- 1 -



Network Working Group                                         S. Brim
Request for Comments: DRAFT                        Cornell University
                                                           Y. Rekhter
                                T.J. Watson Research Center, IBM Corp.
                                                          October 1992


                 IP Multicast Communications Using BGP



Status of this Memo

   This document reflects the current status of recommendations for
   supporting inter-domain multicast packet forwarding using BGP.  This
   RFC specifies an IAB standards track protocol for the Internet
   community, and requests discussion and suggestions for improvements.
   Please refer to the current edition of the "IAB Official Protocol
   Standards" for the standardization state and status of this protocol.
   Distribution of this document is unlimited.

   This document is an Internet Draft. Internet Drafts are working
   documents of the Internet Engineering Task Force (IETF), its Areas,
   and its Working Groups. Note that other groups may also distribute
   working documents as Internet Drafts.

   Internet Drafts are draft documents valid for a maximum of six
   months. Internet Drafts may be updated, replaced, or obsoleted by
   other documents at any time. It is not appropriate to use Internet
   Drafts as reference material or to cite them other than as a "working
   draft" or "work in progress".


Abstract


   This document, a major revision of the previous version, reflects the
   current status of recommendations for supporting inter-domain
   multicast packet forwarding using BGP.  Research is underway on other
   methods for inter-domain multicasting, but only what can be done
   today is considered here.









Expiration Date March 1993                                      [Page 1]

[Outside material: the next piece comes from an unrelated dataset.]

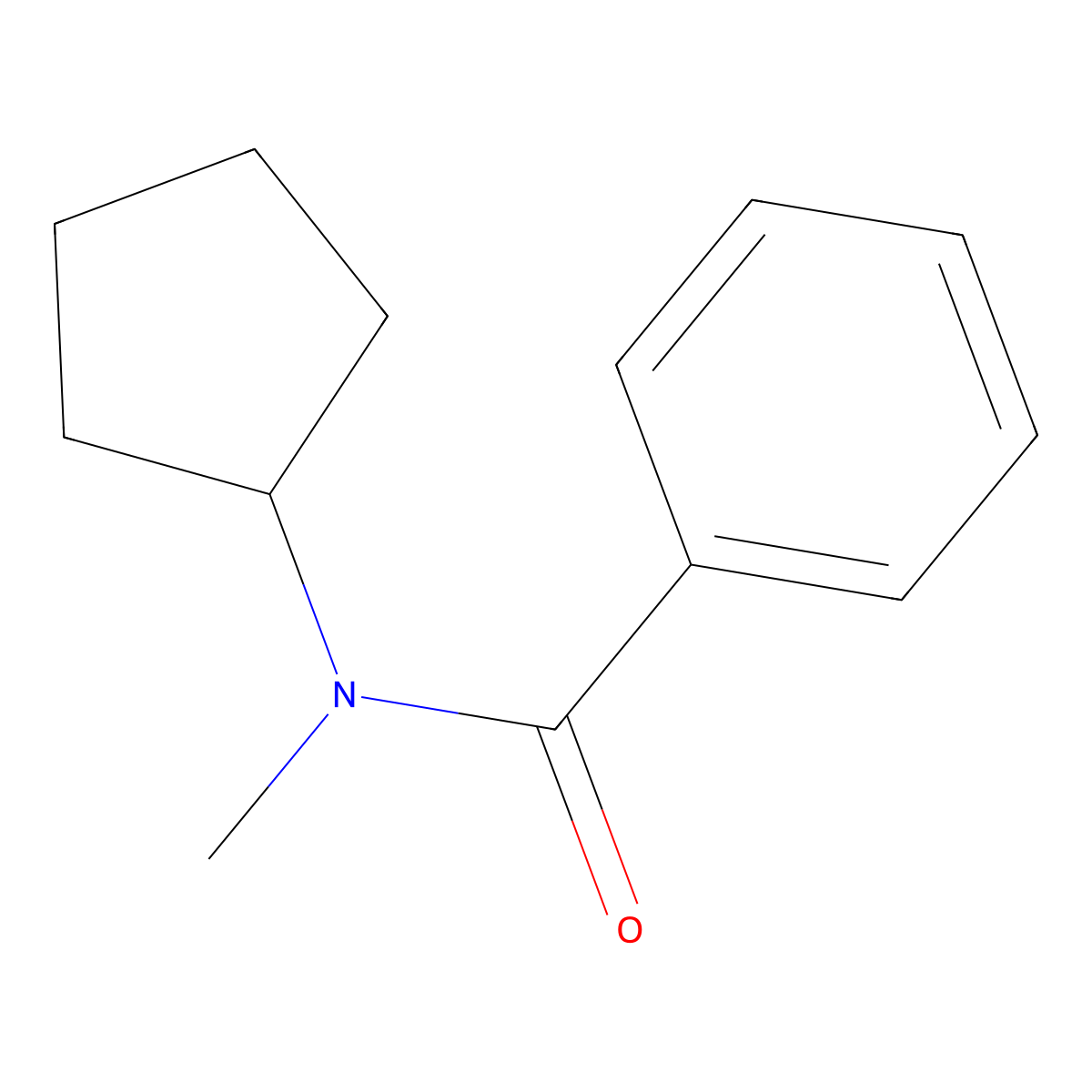 N-cyclopentyl-N-methyl-benzamide molecular structure, CAS 335602-99-8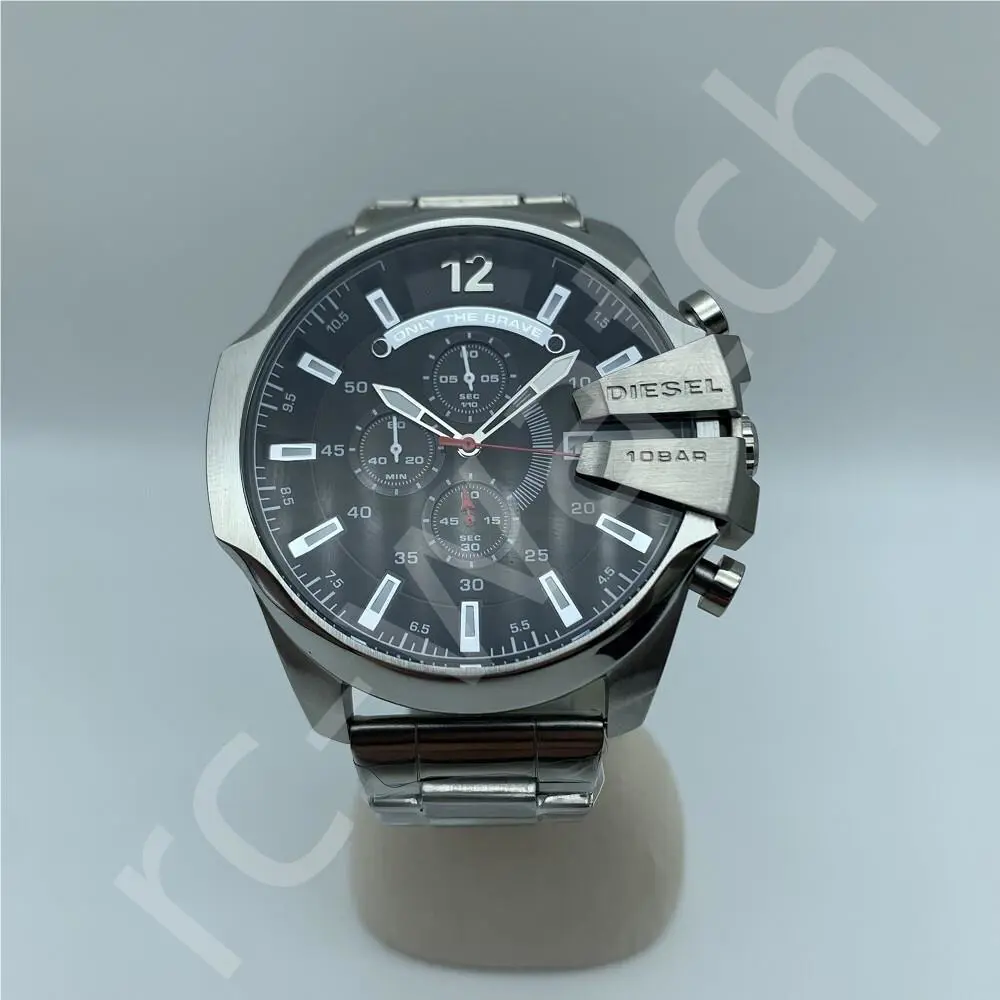 Diesel Mega Chief DZ4308 Chronograph Black Dial Stainless Steel Band Men`s Watch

                           - 2 -



1 Introduction


   Most communication in the Internet today is unicasting, where there
   is a single specific destination for every packet.  On local area
   networks broadcasting is common, in which the the destination of a
   packet is every node on the network.  Multicasting is like
   broadcasting in that it supports multiple recipients for a single
   packet, but packets are intended for a specific group.  As examples,
   in a local area network environment multicasting is currently often
   used for communication between processors of loosely coupled systems,
   or for communication between routers or bridges.  In these cases the
   sender wants to reach the members of a special group, but not every
   node on the network.  Broadcasting is in fact a special case of
   multicasting in which the special group is all nodes.

   Multicasting over wide areas, as opposed to just on local area
   networks, is an important capability the development of which has
   lagged far behind its need.  Until recently there has only been one
   IP multicasting implementation which could be used on more than just
   a local area network [1], [9], but multicast packets had to be
   encapsulated in order to send them across autonomous system
   boundaries.  Work is now in progress to develop support for wide-area
   multicasting using standard protocols and to make that support an
   integrated part of the Internet protocol suite.  Part of that work is
   being done under the auspices of the IETF BGP Working Group,
   including this document which explores how multicasting can be
   supported between autonomous systems using the Border Gateway
   Protocol (BGP) [5], [7], [8].

   The best introductory reference on multicast forwarding is by Deering
   [2].  It is highly recommended that this paper, plus some of its
   references, as well as the BGP RFCs be read before this one, since
   this one assumes a high degree of understanding of BGP and only
   summarizes some parts of Deering's presentation.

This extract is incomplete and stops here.